Aucun des trois ne va sur le terrain de REACH, qui sort de leur périmètre. Le logo au lapin bondissant s’arrête là où l’agence chimique commence.

La mention « non testé sur les animaux » sur un emballage

Celle-là ne sert à rien, et elle est en principe interdite.

Le règlement (UE) n° 655/2013, applicable depuis le 11 juillet 2013, fixe les critères communs auxquels une allégation cosmétique doit répondre.

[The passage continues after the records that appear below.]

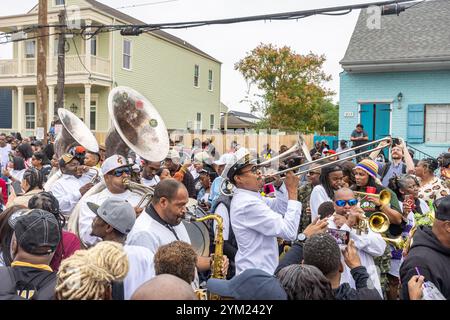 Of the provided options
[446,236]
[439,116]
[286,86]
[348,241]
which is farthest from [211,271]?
[286,86]

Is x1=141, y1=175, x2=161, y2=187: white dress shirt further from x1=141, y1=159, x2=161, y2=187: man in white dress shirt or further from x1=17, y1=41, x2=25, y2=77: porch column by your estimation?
x1=17, y1=41, x2=25, y2=77: porch column

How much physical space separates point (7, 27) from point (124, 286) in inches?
1026

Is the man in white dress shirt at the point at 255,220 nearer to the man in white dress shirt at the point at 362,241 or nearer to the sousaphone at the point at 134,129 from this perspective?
the man in white dress shirt at the point at 362,241

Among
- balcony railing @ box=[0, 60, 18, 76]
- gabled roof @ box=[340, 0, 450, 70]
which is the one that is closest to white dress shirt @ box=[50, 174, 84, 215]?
gabled roof @ box=[340, 0, 450, 70]

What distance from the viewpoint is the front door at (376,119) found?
660 inches

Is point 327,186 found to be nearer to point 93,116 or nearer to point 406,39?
point 406,39

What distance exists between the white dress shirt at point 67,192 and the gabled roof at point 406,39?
12822 millimetres

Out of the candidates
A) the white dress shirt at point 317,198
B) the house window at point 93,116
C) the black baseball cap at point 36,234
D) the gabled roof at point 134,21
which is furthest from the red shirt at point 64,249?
the gabled roof at point 134,21

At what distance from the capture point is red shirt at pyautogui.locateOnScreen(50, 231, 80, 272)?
3.42 metres

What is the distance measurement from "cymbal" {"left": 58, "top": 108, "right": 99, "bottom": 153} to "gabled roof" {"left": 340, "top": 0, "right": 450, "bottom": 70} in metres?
11.6

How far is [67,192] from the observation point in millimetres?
6188

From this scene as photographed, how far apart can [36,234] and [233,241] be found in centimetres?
213

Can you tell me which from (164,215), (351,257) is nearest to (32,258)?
(164,215)

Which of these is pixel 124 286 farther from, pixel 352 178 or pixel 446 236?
pixel 352 178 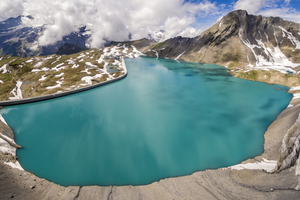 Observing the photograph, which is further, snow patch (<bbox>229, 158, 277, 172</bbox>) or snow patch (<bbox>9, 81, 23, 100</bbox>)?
snow patch (<bbox>9, 81, 23, 100</bbox>)

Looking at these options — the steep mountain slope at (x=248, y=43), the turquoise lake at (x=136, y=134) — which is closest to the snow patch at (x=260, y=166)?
the turquoise lake at (x=136, y=134)

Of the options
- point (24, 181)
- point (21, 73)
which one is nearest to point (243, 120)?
point (24, 181)

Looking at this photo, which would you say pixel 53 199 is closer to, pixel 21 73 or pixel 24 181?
pixel 24 181

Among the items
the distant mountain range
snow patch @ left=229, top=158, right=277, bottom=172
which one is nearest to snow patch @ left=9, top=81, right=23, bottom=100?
snow patch @ left=229, top=158, right=277, bottom=172

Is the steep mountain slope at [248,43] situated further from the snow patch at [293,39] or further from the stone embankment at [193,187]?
the stone embankment at [193,187]

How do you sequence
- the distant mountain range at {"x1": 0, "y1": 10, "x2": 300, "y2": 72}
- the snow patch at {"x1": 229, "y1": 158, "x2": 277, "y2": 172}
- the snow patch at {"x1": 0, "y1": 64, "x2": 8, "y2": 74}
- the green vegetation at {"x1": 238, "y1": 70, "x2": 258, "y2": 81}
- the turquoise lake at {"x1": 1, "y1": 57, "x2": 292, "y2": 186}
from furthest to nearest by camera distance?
the distant mountain range at {"x1": 0, "y1": 10, "x2": 300, "y2": 72} < the snow patch at {"x1": 0, "y1": 64, "x2": 8, "y2": 74} < the green vegetation at {"x1": 238, "y1": 70, "x2": 258, "y2": 81} < the turquoise lake at {"x1": 1, "y1": 57, "x2": 292, "y2": 186} < the snow patch at {"x1": 229, "y1": 158, "x2": 277, "y2": 172}

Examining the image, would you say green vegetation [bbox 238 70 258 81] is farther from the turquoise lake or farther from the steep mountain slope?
the steep mountain slope

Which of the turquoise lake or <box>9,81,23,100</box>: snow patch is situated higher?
the turquoise lake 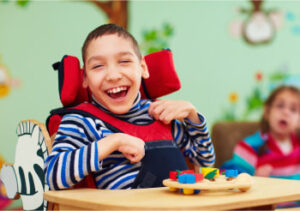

L’un d’eux vise les allégations « qui laissent entendre qu’un produit procure un bénéfice particulier alors que, ce faisant, il satisfait simplement aux prescriptions minimales de la législation ». Elles ne sont pas autorisées. Or ne pas tester est une obligation légale pour tout le monde depuis le 11 mars 2013.

La marque qui l’imprime ne ment pas. Elle te vend juste, au prix fort, une chose que sa concurrente d’en face respecte aussi.